Posted by: McQ on Saturday, August 16, 2008

If you ask the Georgian government, not so well. And the sovereignty thing? Fuggitaboudit:
Georgia's Foreign Ministry said late Saturday that Russian-backed separatists from the province of Abkhazia have seized a power plant and 13 villages in Georgia.

A ministry statement said Russian army units and separatist militants shifted the border of breakaway Abkhazia toward the Inguri River. It says they set up temporary administration in 13 villages and put the Inguri hydropower plant under separatist control.
You remember the Russian Foreign Minister's pronouncment about Georgian sovereignty, don't you?
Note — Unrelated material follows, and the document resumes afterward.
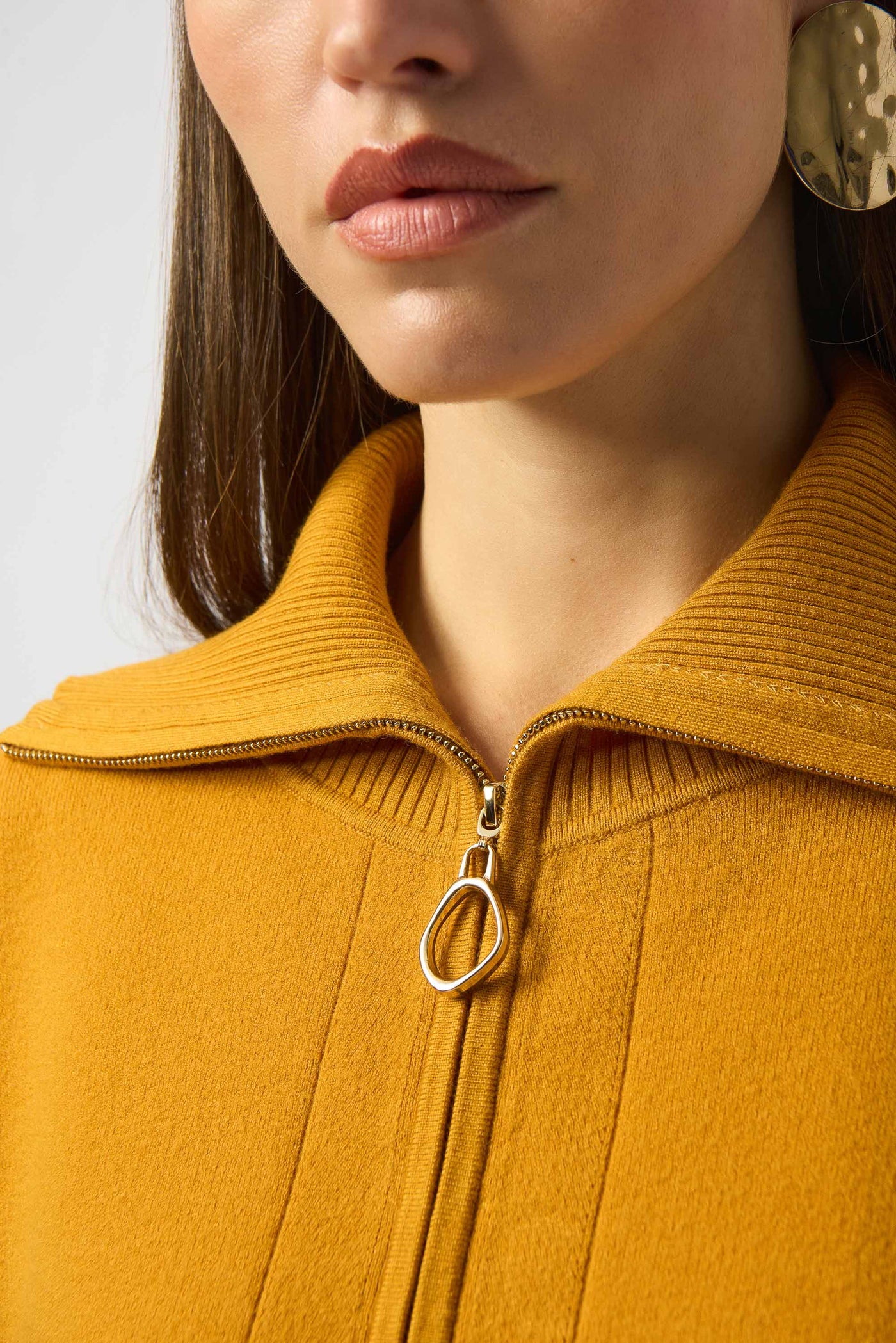Joseph Ribkoff Medallion Sweater Knit Boxy Pullover With Zipped Collar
Two words sums it up nicely - "forget it".
Earlier Saturday, Russian President Dmitry Medvedev signed a cease-fire agreement with Georgia, a day after Georgian President Mikheil Saakashvili reluctantly signed the plan that calls for Russian troops to pull back, but that also grants them limited patrols inside Georgia.
Anyone doubt that those 13 villages will remain under the effective control of Russia Abkhazia?

Consider what the conditions of the cease fire are:
Rice consulted with Saakashvili about details of the cease-fire, which requires Russia to withdraw its combat forces from Georgia but allows Russian peacekeepers to remain in the breakaway region of South Ossetia and conduct limited patrols outside the region.

The draft document also does not commit Russia to respecting Georgia's territorial integrity, but rather refers to Georgian independence and sovereignty, meaning Moscow does not necessarily accept that South Ossetia and the other rebel region Abkhazia, are Georgian.

Officials say the eventual status of the two areas will be worked out under existing United Nations Security Council resolutions which recognize Georgia's international borders and Abkhazia and South Ossetia as Georgian.

The U.S. and its allies had been pushing for Russia to agree to restore the situation in Georgia to the status quo ante, or how it stood before Georgian troops moved into South Ossetia last week prompting Russia's severe response and seven days of bloodshed.

Now they have been forced to back down on the key issues of the mandate of Russian peacekeepers in South Ossetia, which did not previously include outside patrols, and the territorial integrity question, which Russia ostensibly accepted before but no longer does.

U.S. officials concede the agreement is not perfect but maintain it will get Russian combat troops out of Georgia, hopefully in a matter of days.

"It will be a major accomplishment for Georgia to get the Russians out of their country and back effectively to the status quo ante," Rice said.

In addition to the cease-fire document, Rice brought with her a letter signed by Sarkozy that clarifies the special security measures that Russian peacekeepers will be allowed to take on Georgian soil, officials said.
If ever there was an oxymoron in this situation, it is "Russian peacekeeper". If ever there was a garden variety moron in the situtation, it would appear to be the West. That is the best deal that could be brokered? My goodness that agreement essentially changes the status quo ante completely by giving the Russians everything they want.

If that's how we conduct diplomacy, my recommendation is we stick to waging war.